Therapeutic categories
Primary indications
- For the treatment of tuberculosis
Product Snapshot
- Aminosalicylic acid is available in oral formulations including granules and tablets, with both immediate and delayed release options
- It is primarily indicated for the treatment of tuberculosis
- This API is approved for use in the European Union, Canada, and the United States
Clinical Overview
Pharmacologically, aminosalicylic acid exhibits bacteriostatic activity, inhibiting the multiplication of Mycobacterium tuberculosis without directly destroying the bacteria. Its clinical use is informed by two significant considerations: the rapid formation of an inactive toxic metabolite under acidic conditions and a relatively short serum half-life of approximately one hour for the free acid form. To improve tolerability, the sodium salt form of aminosalicylic acid is commonly employed in clinical settings.
The mechanism of action relies on dual pathways. Firstly, aminosalicylic acid competitively inhibits folic acid synthesis by binding to pteridine synthetase with higher affinity than para-aminobenzoic acid.
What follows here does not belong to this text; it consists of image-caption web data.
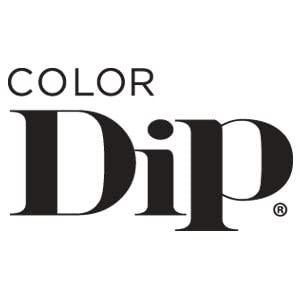 RCM Spring 2022 Dip Collection: Set The Scene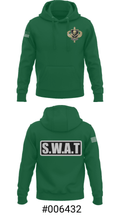 Delta 4 95824686 Hoodie - 43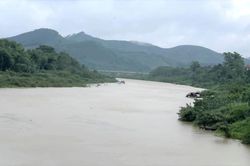 Hà Tĩnh: Công bố hai dự án nạo vét đường thủy nội địa kết hợp thu hồi sản phẩm năm 2026
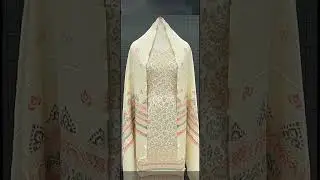 #pasmina suits design #pasmina#suits#
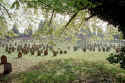 Schmieheim Friedhof 299.jpg (77197 Byte)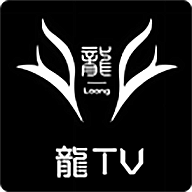 污视频下载APP应用
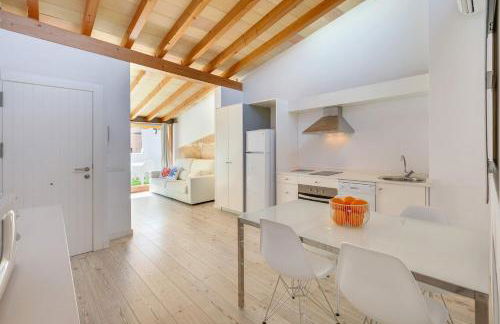 Urban Suites Palma - Turismo de Interior by PriorityVillas - Foto 16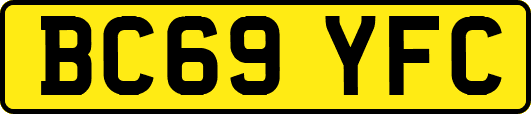 BC69YFC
This inhibition disrupts an essential step in folate biosynthesis, impeding bacterial growth since Mycobacterium tuberculosis cannot utilize exogenous folic acid. Secondly, it may interfere with the synthesis of mycobactin, a siderophore critical for iron acquisition in Mycobacterium tuberculosis, thereby limiting essential nutrient uptake.
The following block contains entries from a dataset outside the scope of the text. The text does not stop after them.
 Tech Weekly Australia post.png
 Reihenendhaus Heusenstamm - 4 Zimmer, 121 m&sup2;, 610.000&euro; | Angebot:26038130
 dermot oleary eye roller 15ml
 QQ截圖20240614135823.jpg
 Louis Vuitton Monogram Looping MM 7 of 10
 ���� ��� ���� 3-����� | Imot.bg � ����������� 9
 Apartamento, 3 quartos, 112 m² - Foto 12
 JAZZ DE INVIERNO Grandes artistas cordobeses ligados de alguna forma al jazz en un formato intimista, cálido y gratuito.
Key absorption, distribution, metabolism, and excretion (ADME) parameters highlight a rapid metabolism leading to inactive metabolites and brief systemic persistence, necessitating multiple daily doses when administered orally. Safety and toxicity profiles necessitate monitoring for gastrointestinal disturbances and potential hypersensitivity reactions; however, the sodium salt form tends to be better tolerated than the free acid. No specific carcinogenicity or severe systemic toxicity has been consistently documented in approved therapeutic use.
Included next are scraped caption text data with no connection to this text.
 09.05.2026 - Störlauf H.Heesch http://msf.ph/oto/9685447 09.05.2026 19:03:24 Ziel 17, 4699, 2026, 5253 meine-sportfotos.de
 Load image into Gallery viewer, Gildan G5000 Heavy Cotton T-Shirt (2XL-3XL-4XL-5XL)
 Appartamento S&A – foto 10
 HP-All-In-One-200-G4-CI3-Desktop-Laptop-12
Aminosalicylic acid is approved globally and categorized among antimycobacterial and anti-infective agents used in tuberculosis treatment regimens. Common usage contexts include multi-drug resistant tuberculosis regimens or cases where first-line agents require augmentation.
For active pharmaceutical ingredient procurement, stringent quality control is essential. Suppliers should provide documentation confirming identity, purity, compliance with pharmacopeial standards, and stability under storage conditions. Selection of the sodium salt form might be preferred due to improved patient tolerability in formulation.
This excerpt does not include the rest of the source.